Distinguishing Good Catastrophism from Bad Catastrophism

Distinguishing Good Catastrophism from Bad Catastrophism February 10, 2017

Again, a hearty thanks to President Trump for restoring clarity to national conversations about a myriad of subjects. Today’s insight comes from E. J. Dionne’s column that attempts to put lots of distance between President Trump and Pope Francis through Stephen Bannon:

On the surface, some of Bannon’s economic views would seem to match Francis’s. In his speech broadcast to the group in Rome, Bannon spoke against “a brutal form of capitalism that is really about creating wealth and creating value for a very small subset of people.”

But as Faggioli notes, Bannon links his criticism of capitalism to nationalism, which makes his views more similar to those of far-right groups in the 1920s and ’30s such as Action Francaise, a French nationalist group condemned by the Vatican. Francis’s economics, on the other hand, focus on global concerns, including climate change.

Lesson one: Nationalism bad, globalism good.

Cathleen Kaveny, a professor of law and theology at Boston College, argues that Bannon’s view is also at odds with Catholicism’s tradition of rejecting an “apocalyptic” take on the world. The church, she said, has taught that “you don’t get to God’s Kingdom by blowing up what’s here.”

Lesson two, don’t blow up the world.

But that’s not what Pope Francis taught according to Ross Douthat:

Dynamists of the left tend to put their faith in technocratic government; dynamists of the right, in the genius of free markets. But both assume that modernity is a success story whose best days are ahead.

Catastrophists, on the other hand, see a global civilization that for all its achievements is becoming more atomized and balkanized, more morally bankrupt, more environmentally despoiled. What’s more, they believe that things cannot go on as they are: That the trajectory we’re on will end in crisis, disaster, dégringolade.

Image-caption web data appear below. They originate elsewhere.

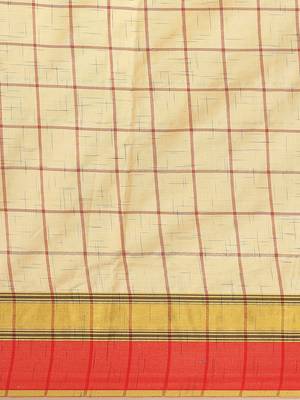 Beige woven blended cotton saree with blouse 3
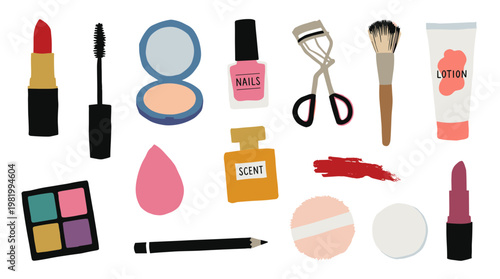 Collection of colorful makeup and cosmetic products arranged artistically on a white background, including lipstick, mascara, eyeshadow, and perfume, representing beauty and personal care.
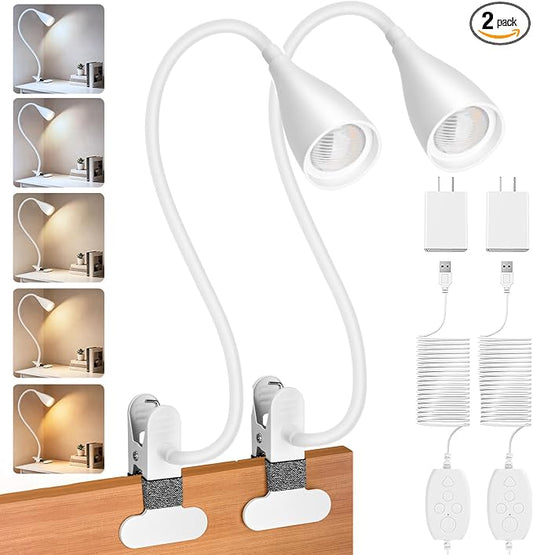 2 PCS Reading Light for Book in Bed,Clip on Light Reading Lamp with Adapter | 5 Color Modes 10 Brightness, Eye-Caring Clip on Desk Lamp Book Light for Reading in Bed Headboard Bedside Bedroom (White)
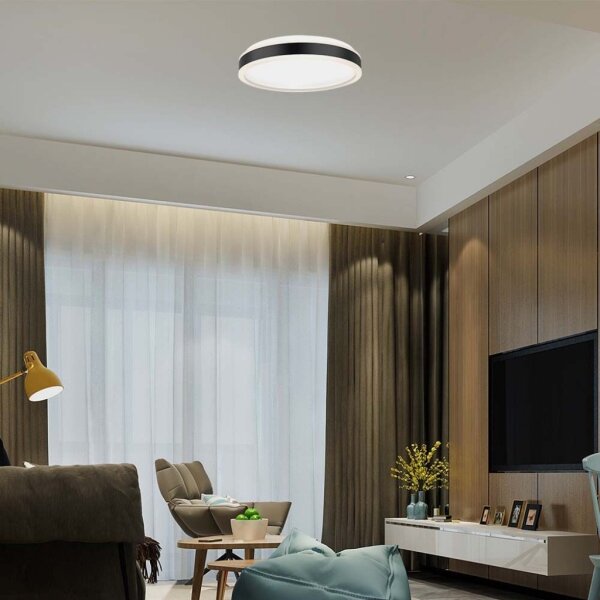 Plafoniera LED LED/18W/230V 4000K diametro 35 cm nero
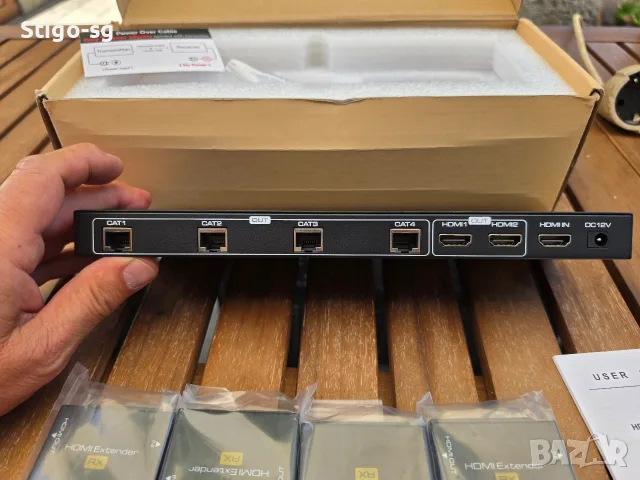 Продавам професионален HDMI Splitter Extender 1x6, нов, в оригинална кутия., снимка 4 - Мрежови адаптери - 55511501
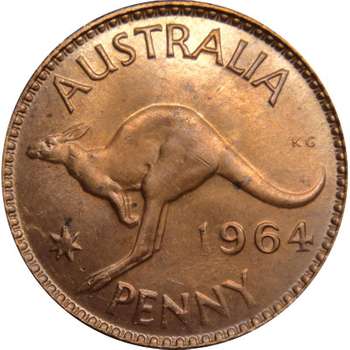 1964 Australia Queen Elizabeth II Penny Copper Coin
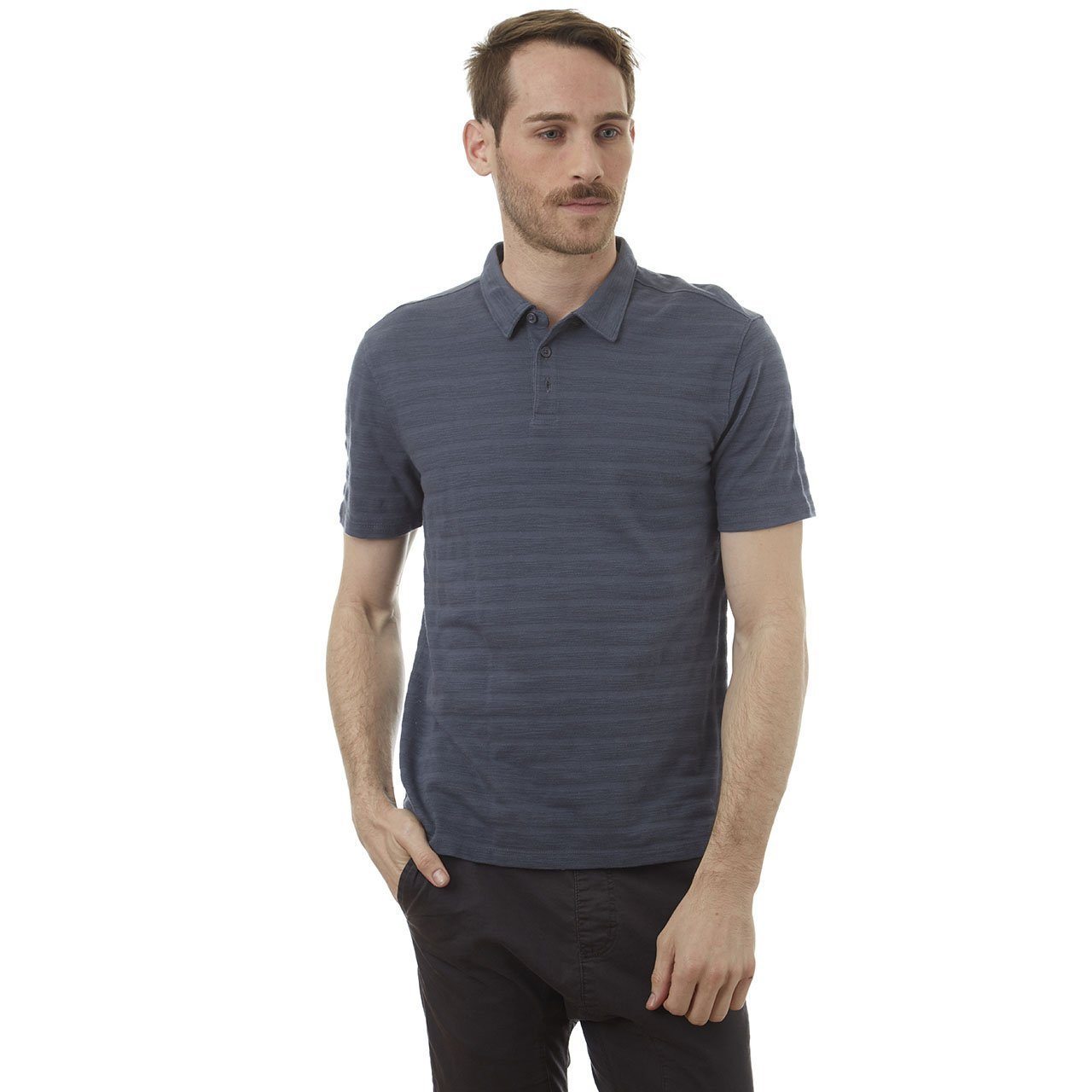 Raymond Polo featuring short sleeves and striped pique design, made from 100% cotton in an eco-friendly factory.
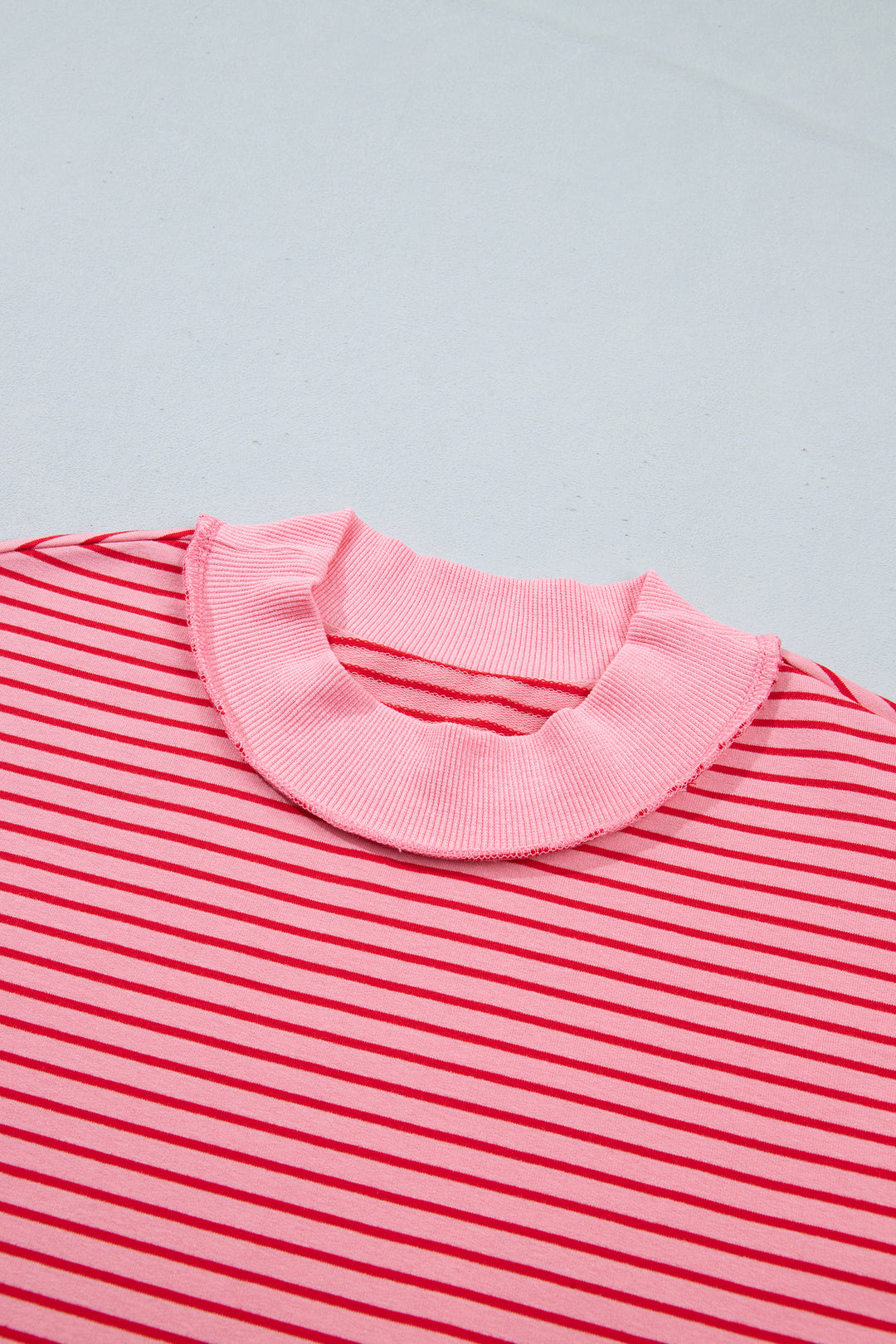 Pink Stripe Ribbed Patchwork Mock Neck Baggy Pullover Matching Shorts Set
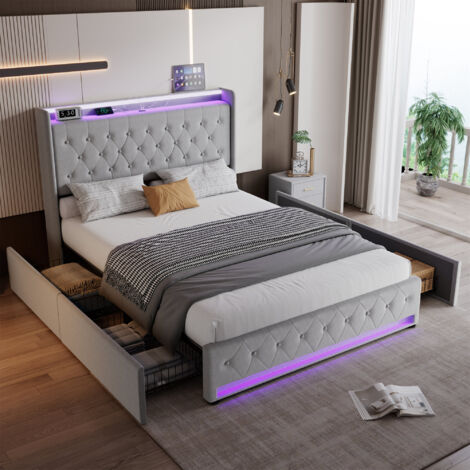Luxury Grey Velvet Double Storage Bed with Soft Backrest, LED Lights & Charging Socket - 135x190cm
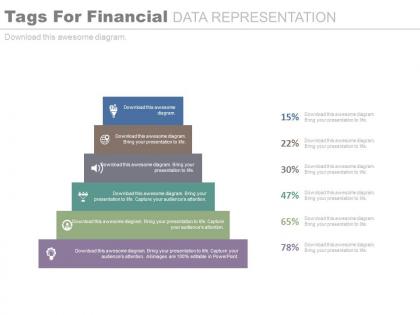 Six staged tags for financial data representation powerpoint slides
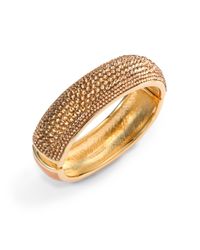 Judith Leiber | Metallic Glitz Swarovski Crystal Bangle Bracelet | Lyst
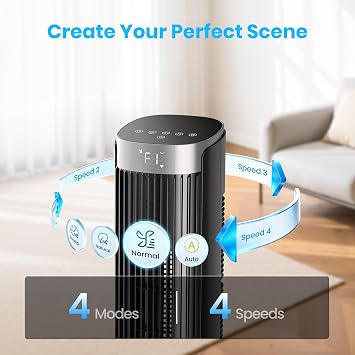 Tower Fan for Bedroom, 23dB, 90oscillating, Smart Control, Black | 4 Modes 4 Speeds up to 25ft/s that Blow Cold Air, APP/Voice/Remote/Touch Control, LED display, 12H Timer, Quiet Fan for Home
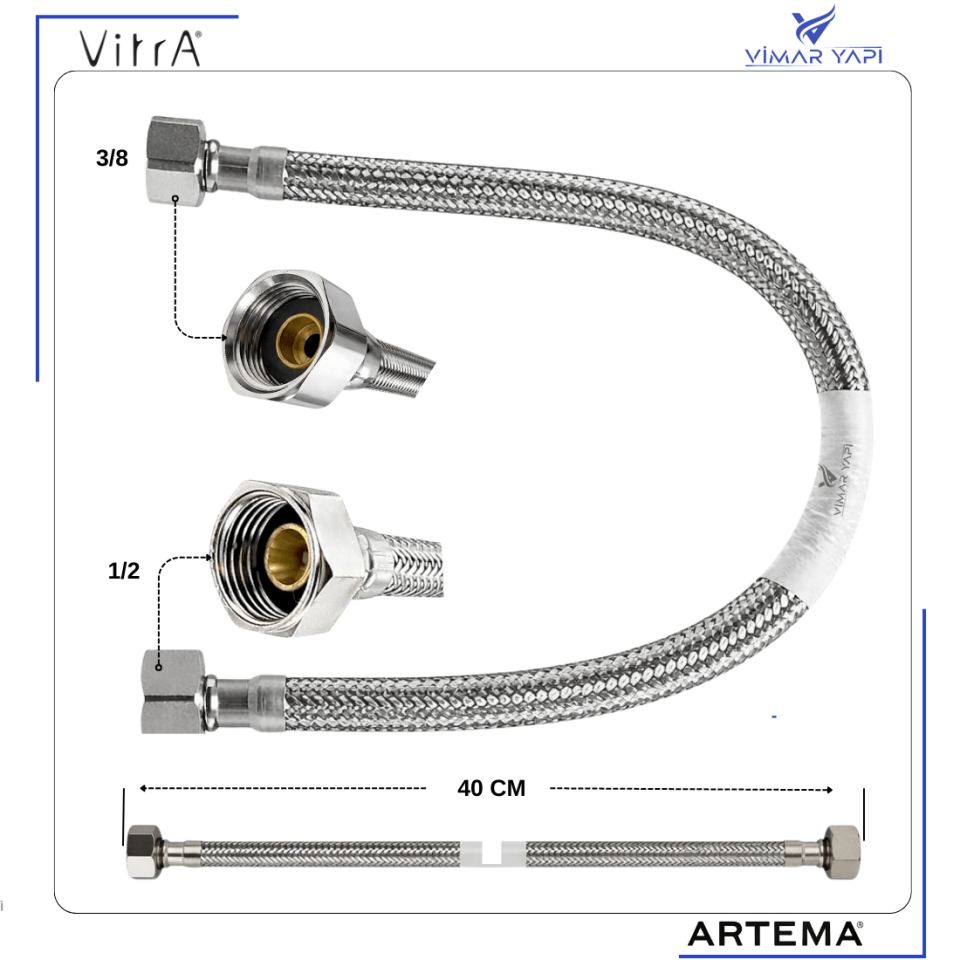 426187YP VitrA- 1/2''x3/8'' Çelik Örgülü Flex hortum 40cm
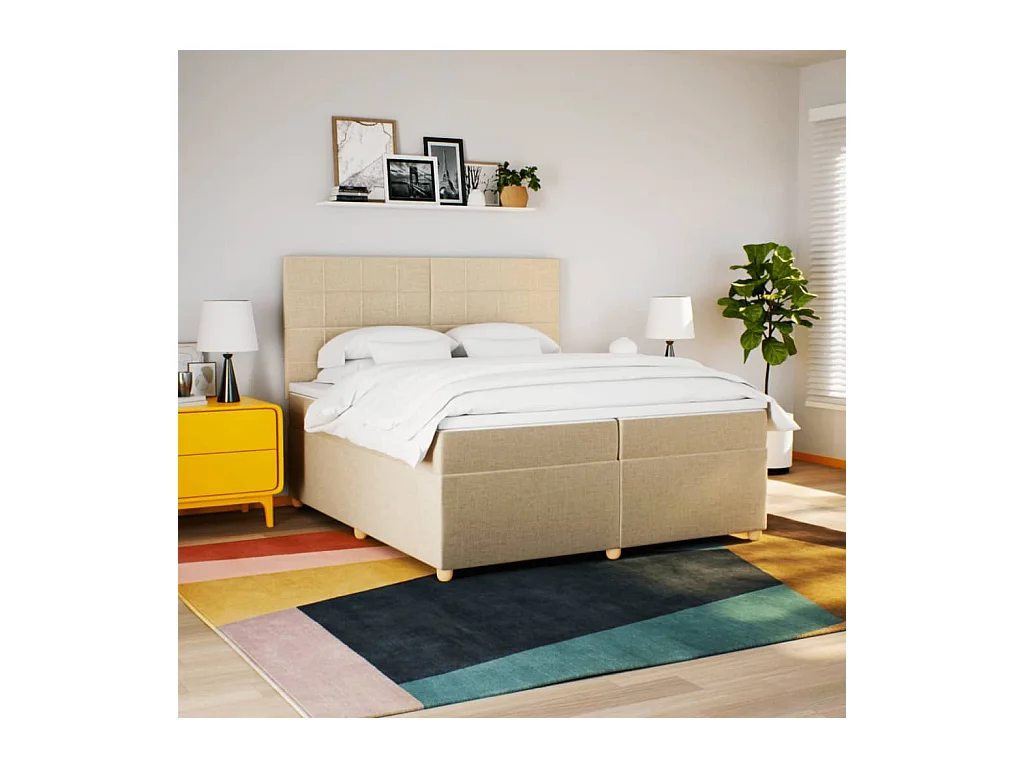 Sommier à lattes de lit avec matelas Crème 200x200 cm Tissu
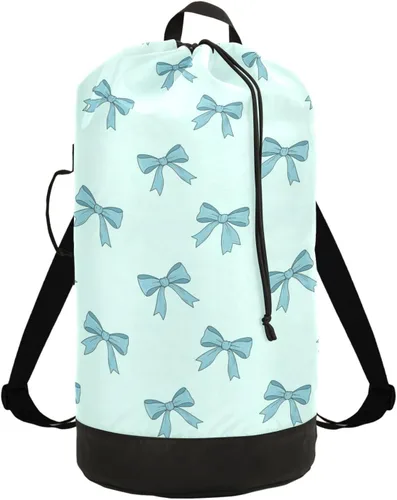Mochila de lavandería con nudo de lazo de dibujos animados, bolsa antidesgarros, organizador de ropa sucia para dormitorio universitario, artículos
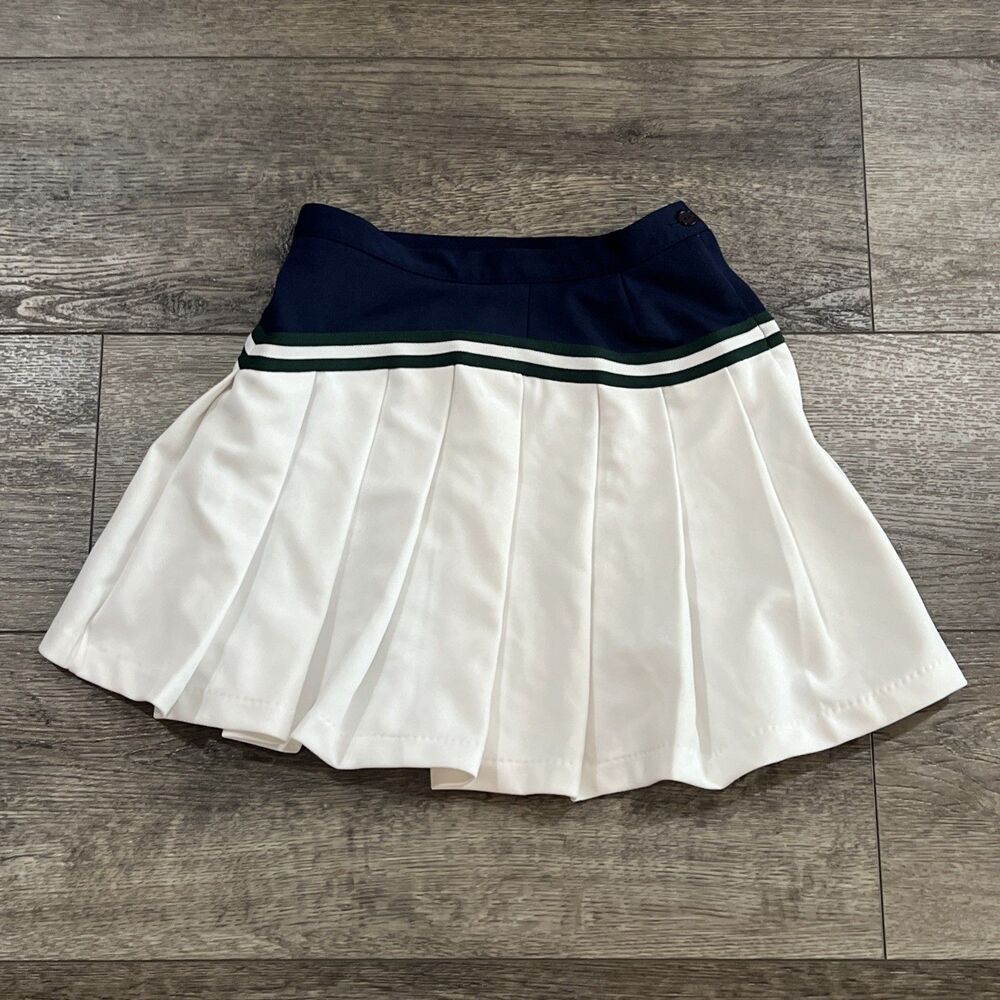VTG 80s Dehen Pleated Skirt White Navy Green USA Cheer Tennis Uniform Women’s XS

Like dynamists, catastrophists can be on the left or right, stressing different agents of our imminent demise. But they’re united in believing that current arrangements are foredoomed, and that only a true revolution can save us.

This is Pope Francis’ position, and the controlling theme of his encyclical. It includes, as many liberals hoped and certain conservatives feared, a call to action against climate change, which will no doubt cause Republicans to squirm during political campaigns to come.

But reading “Laudato Si’ ” simply as a case for taking climate change seriously misses the depth of its critique — which extends to the whole “technological paradigm” of our civilization, all the ways (economic and cultural) that we live now.

This is a document aligned with the scientific consensus on climate that excoriates the modern scientific mind-set as, in effect, a 500-year mistake. It’s a document calling for global action, even a “new world political authority,” that’s drenched in frank contempt for the existing global leadership class. It’s a document that urges a rapid move away from fossil fuels while explicitly criticizing the leading avenue for doing so — a cap and trade regime — as too “quick and easy,” too compromised by greed and self-interest, to “allow for the radical change which present circumstances require.”

And while it includes hopeful passages, the encyclical’s most pungent lines are apocalyptic: “Doomsday predictions can no longer be met with irony or disdain. We may well be leaving to coming generations debris, desolation and filth.”

This pungency is what really distinguishes “Laudato Si’ ” from prior papal documents.

Note to self: be careful since some Roman Catholics think Douthat doesn’t have the training or authority to interpret a papal encyclical.